Il 13 aprile 2021 un migliaio di ex militari, fra cui una ventina di generali, pubblicava una “Lettera aperta ai governanti” per lanciare l’allarme sulla disgregazione della Francia e sul rischio di guerra civile. Il governo e il capo di stato-maggiore reagivano annunciando sanzioni disciplinari contro i firmatari. Ciononostante, il numero dei militari che aderiscono ha continuato ad aumentare. Contemporaneamente, 100 mila militari in servizio – quindi tenuti sia al dovere di riservatezza politica sia al dovere di difendere la nazione – hanno firmato sui social network un altro testo. Per valutare la portata dell’adesione, basti sapere che le forze armate contano meno di 210 mila militari in servizio attivo.

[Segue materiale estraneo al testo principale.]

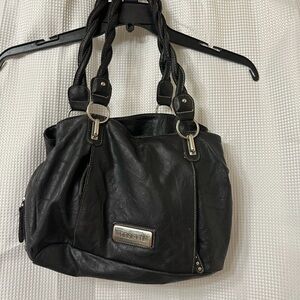Rosetti Black Shoulder Bag with Silver Accents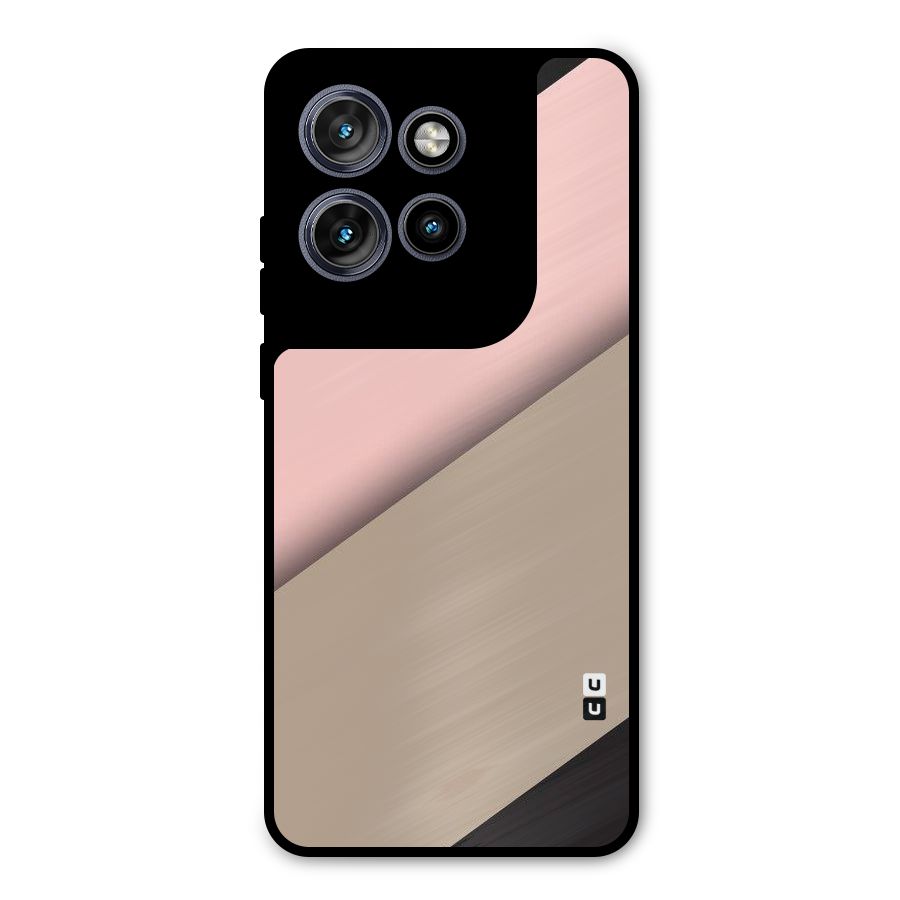 Pink Diagonal Metal Back Case for Motorola Edge 50 Neo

Signor Presidente della Repubblica,
Signore e Signori ministri, parlamentari, generali, cui ci rivolgiamo secondo gradi e funzioni,
La settima strofa della Marsigliese, la cosiddetta strofa dei figli, non viene più cantata. Eppure è ricca d’insegnamenti. Consentiamole di prodigarceli:
«Entreremo in carriera quando i nostri avi non ci saranno più. Vi troveremo le loro ceneri e la traccia delle loro virtù. Molto meno desiderosi di sopravviver loro che di condividerne bara, avremo il sublime orgoglio di vendicarli o di seguirli».
I nostri avi sono combattenti che hanno meritato il nostro rispetto. Sono, per esempio, i vecchi soldati di cui avete calpestato l’onore in queste ultime settimane. Sono le migliaia di servitori della Francia, firmatari di un intervento di puro buonsenso – soldati che hanno speso i loro anni migliori per difendere la nostra libertà, ubbidendo ai vostri ordini, per fare le vostre guerre o per applicare le vostre riduzioni di budget – soldati che avete infangato mentre il popolo della Francia li sosteneva. Questi soldati che hanno lottato contro tutti i nemici della Francia, voi li avete trattati come faziosi, quando invece il loro unico torto è di amare il proprio Paese e di piangerne la palese decadenza.
In queste condizioni noi, che siamo da poco entrati in carriera, non possiamo esimerci di scendere nell’arena, semplicemente perché dobbiamo fregiarci dell’onore di dire la verità.
Noi apparteniamo a quelli che i giornali hanno chiamato «la generazione del fuoco». Siamo uomini e donne, militari in servizio attivo, di ogni forza e grado, con sensibilità diverse, ma tutti amiamo il nostro Paese. Questo è il nostro solo titolo di gloria. Sebbene non ci sia consentito per regolamento esprimerci a viso scoperto, è per noi altrettanto impossibile tacere.
Afghanistan, Mali, Africa Centrale o altrove, alcuni di noi hanno conosciuto il fuoco nemico. Alcuni hanno perso dei compagni, che hanno sacrificato la propria vita per distruggere l’islamismo cui voi in patria fate concessioni.
Quasi tutti noi abbiamo conosciuto l’operazione Sentinelle. Abbiamo visto con i nostri occhi le periferie abbandonate, gli accomodamenti con la delinquenza. Abbiamo subito i tentativi di strumentalizzazione di diverse comunità religiose, per le quali la Francia non significa niente, è solo oggetto di sarcasmo, di disprezzo, persino di odio.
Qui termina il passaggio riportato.